November is perhaps the dullest and calmest month of the year as nature is falling into the big winter sleep. Birdlife is usually scarce as summer migrants have long departed from Europe, while most of the winter visitors have yet to come. There are of course exceptions. A Rough-legged Buzzard Buteo lagopus decided to visit the Bloke plateau for the second consecutive winter and has been reported a few weeks ago. The bird was discovered by Paul Veenvliet who also gave us precious tips on where to find the bird (thanks Paul!). So yesterday while visiting the Cerknica lake we also jumped over the hills to the nearby Bloke area. Among the numerous Common Buzzards Buteo buteo we soon found their northern cousin...

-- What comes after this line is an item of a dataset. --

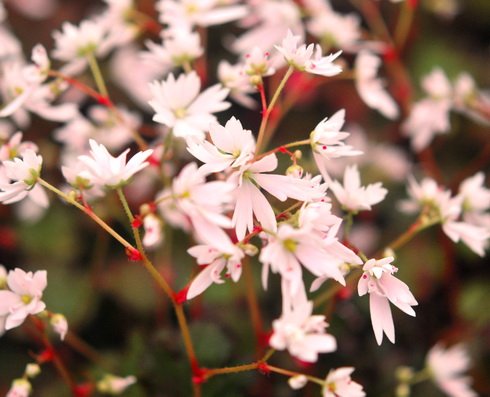 Numerous soft pink flowers on short stems in autumn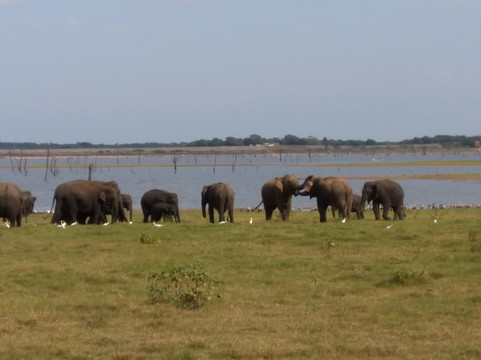 Insight Sri Lanka Eco Tourism - Dave de Silva-拉非尼亚山必去景点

The Rough-legged Buzzard Buteo lagopus (a male) was quite difficult to approach, so we only managed to take photos for documentation (even with digiscoping). It usually perched on Norway spruce Picea abies or Scots pine Pinus sylvestris (the trees that most resemble its northern breeding habitat?) at the edge of a vast meadow. Its behaviour was clearly different from that of other buzzards that usually perch in full view on poles and bushes. The Rough-legged Buzzard preferred to perch on conifers, in the shade of large branches. It was usually well camoufladged and frequently hard to spot against a dark background. On a few occasions we saw it hunting on the fields, but only for a short time.
The species is a rare winter visitor to Slovenia, with just a few records every one or two years, so truly a bird that lightens up a dull winter birding day.
On the Bloke plateau and at lake Cerknica we observed several Great Grey Shrikes Lanius excubitor which are common winter visitors to Slovenia. This is one of the very few passerines that lingers on inhospitable wind-swept meadows and fields throughout the winter. Here it survives by preying upon small rodents, small birds and occasional insects. Yesterday we observed one catching a vole (or shrew) and carrying it in its feet to a hawthorn bush. If not eaten immediately, the prey is usually impaled on the spikes of wires or thorny bushes and stored for later use.
Fieldfares Turdus pilaris breed around lake Cerknica, especially in the villages, but in winter their numbers are boosted by birds arriving from northern Europe and joining the flocks. Redwings Turdus iliacus are also frequently found in such flocks and this year they seem to be more numerous than in other years.
A male Hen Harrier Circus cyaneus was hunting over the fields by the Cerknica lake. Good numbers of this species are present in the area in winter. Nearby we also observed a Peregrine Falco peregrinus.
Winter visitors on the lake Cerknica itself were represented by two Black-necked Grebes Podiceps nigricollis (above), a mixed flock of Pochards Aythya ferina & Tufted Ducks Aythya fuligula and 3 female Goldeneyes Bucephala clangula (the first of the season). 15 Shelducks Tadorna tadorna and a Ferruginous Duck Aythya nyroca were also present, while a flock of 22 Greylag Geese Anser anser was migrating overhead.
In a small woodland by the lake we also observed this male Grey-headed Woodpecker Picus canus and heard a Lesser Spotted Woodpecker Dendrocopos minor, while on Bloke plateau we heard a Black Woodpecker Dryocopus martius.
The colourful illustrations known as panjske končnice frequently adorn wooden beehives in Slovenia (this one is near lake Cerknica). These popular artistic features are typical for Slovenia, where they originated in the 18th century. The illustrations usually depict funny scenes where animals play human roles and vice versa.